Information supplied
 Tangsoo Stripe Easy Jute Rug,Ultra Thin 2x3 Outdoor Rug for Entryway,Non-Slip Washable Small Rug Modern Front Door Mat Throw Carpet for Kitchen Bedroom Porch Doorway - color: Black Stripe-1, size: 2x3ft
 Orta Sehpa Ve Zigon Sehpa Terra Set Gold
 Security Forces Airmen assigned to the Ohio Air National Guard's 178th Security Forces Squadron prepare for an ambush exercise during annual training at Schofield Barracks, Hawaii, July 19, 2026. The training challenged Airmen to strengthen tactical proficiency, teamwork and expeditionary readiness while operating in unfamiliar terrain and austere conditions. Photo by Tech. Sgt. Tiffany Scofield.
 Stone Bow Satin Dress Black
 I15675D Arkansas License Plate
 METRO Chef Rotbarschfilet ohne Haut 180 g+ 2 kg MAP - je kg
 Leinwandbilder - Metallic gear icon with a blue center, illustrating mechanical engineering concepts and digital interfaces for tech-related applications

* * *

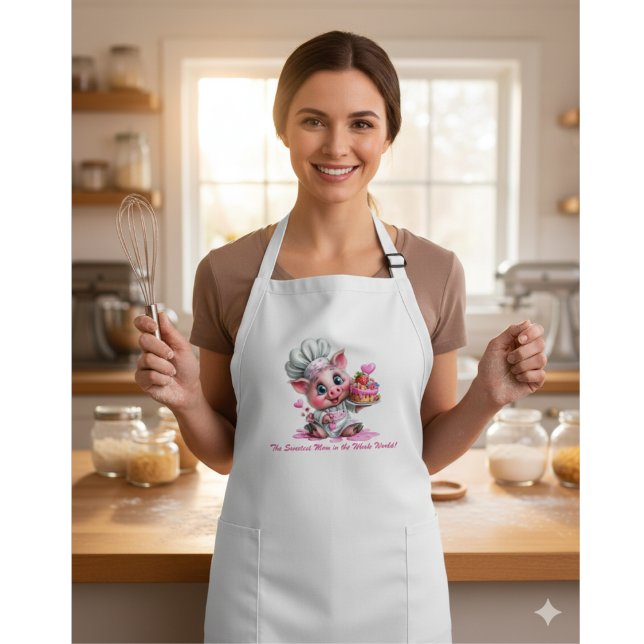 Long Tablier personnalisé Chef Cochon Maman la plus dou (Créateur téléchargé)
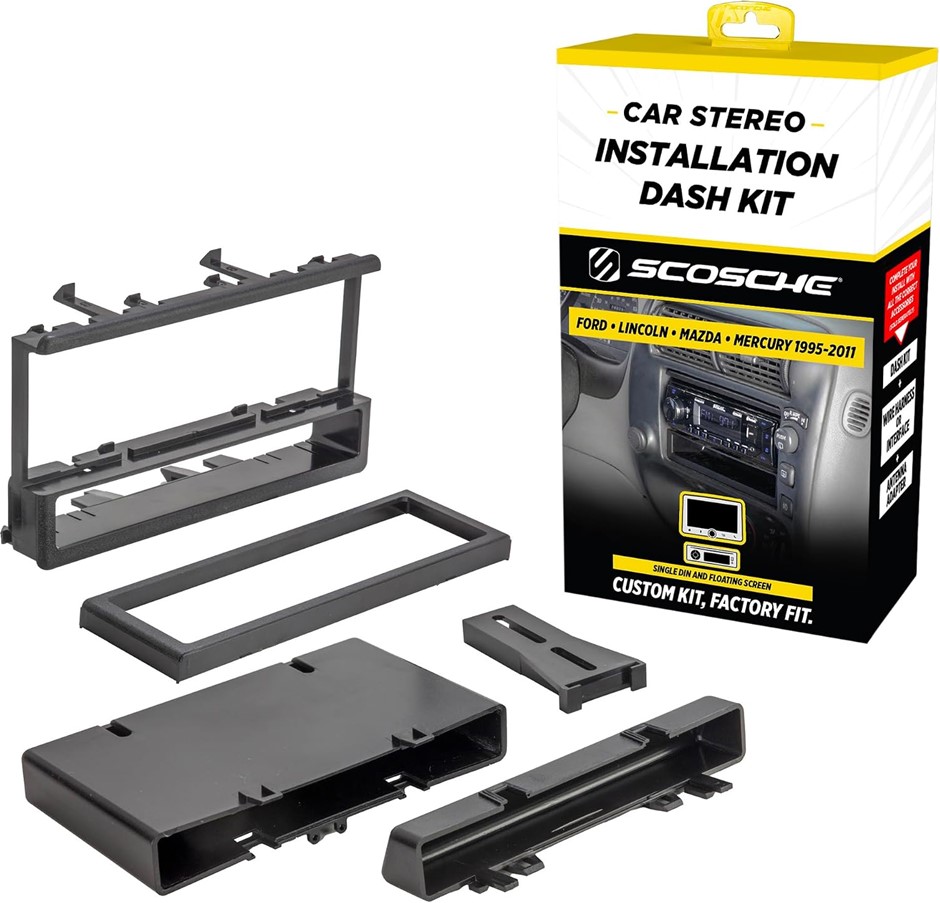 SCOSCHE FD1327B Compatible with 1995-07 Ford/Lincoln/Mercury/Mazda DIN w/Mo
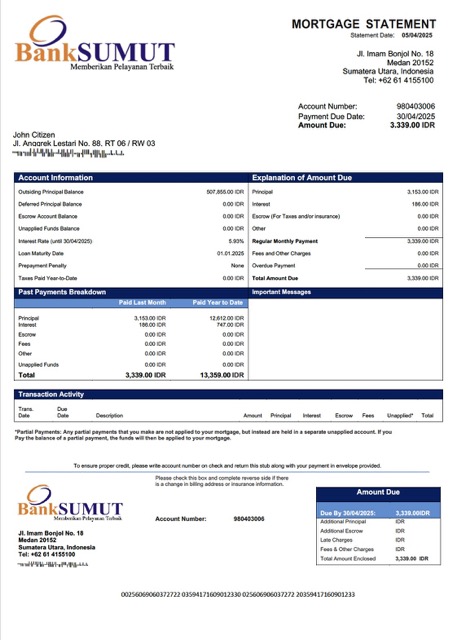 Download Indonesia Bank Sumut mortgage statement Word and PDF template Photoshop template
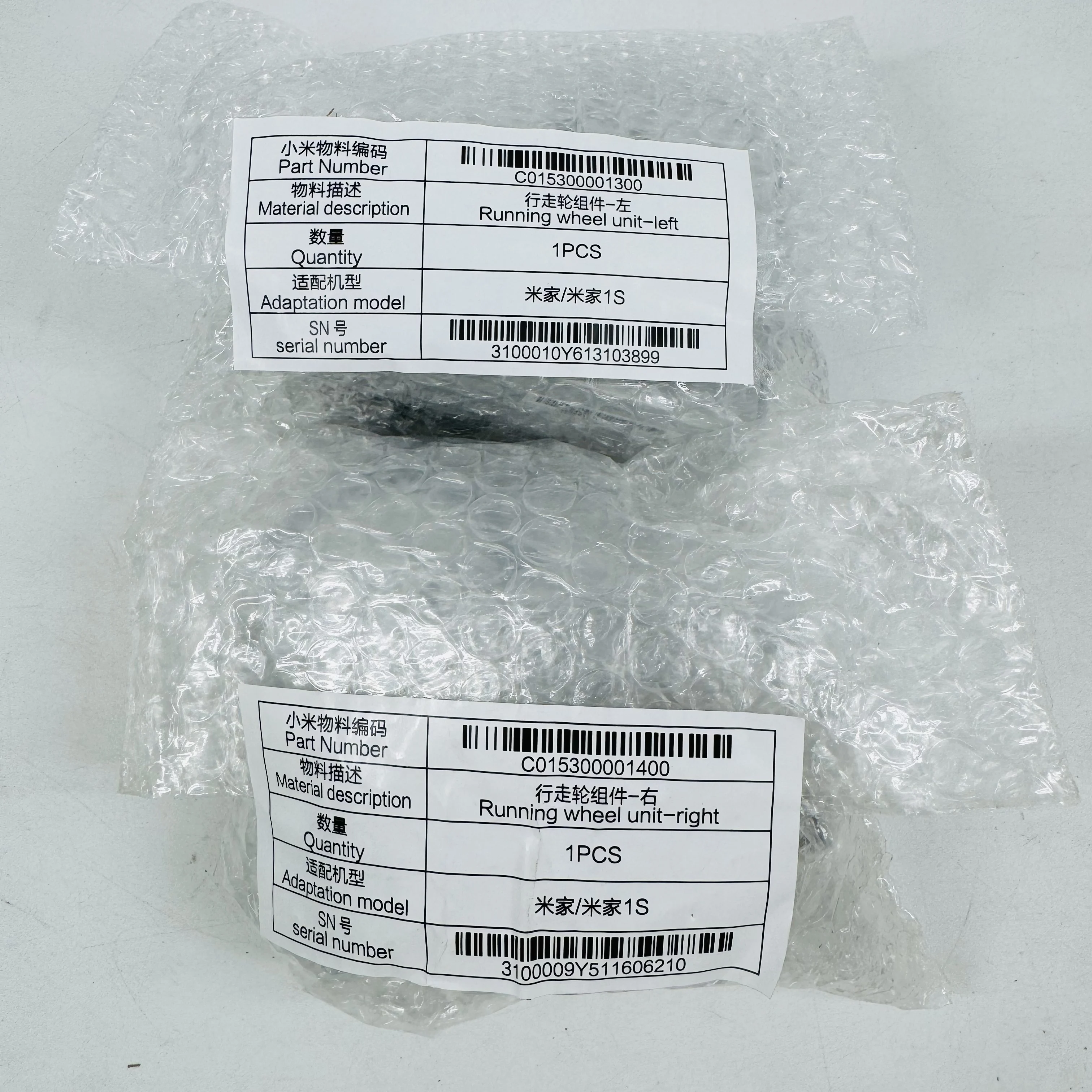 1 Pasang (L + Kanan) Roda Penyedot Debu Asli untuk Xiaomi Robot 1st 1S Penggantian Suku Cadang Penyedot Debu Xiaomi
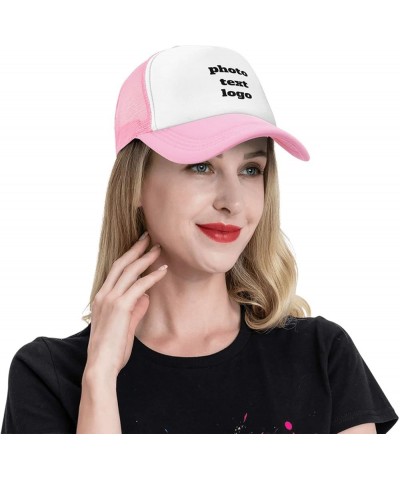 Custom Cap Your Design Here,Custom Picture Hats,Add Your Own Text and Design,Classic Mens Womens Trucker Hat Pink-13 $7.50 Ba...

Work task
Look above for the line holding "Tangsoo Stripe Easy". Print it and every line after it, exactly, through the line holding "Orta Sehpa Ve Zigon Sehpa Terra Set Gold".

Answer section
 Tangsoo Stripe Easy Jute Rug,Ultra Thin 2x3 Outdoor Rug for Entryway,Non-Slip Washable Small Rug Modern Front Door Mat Throw Carpet for Kitchen Bedroom Porch Doorway - color: Black Stripe-1, size: 2x3ft
 Orta Sehpa Ve Zigon Sehpa Terra Set Gold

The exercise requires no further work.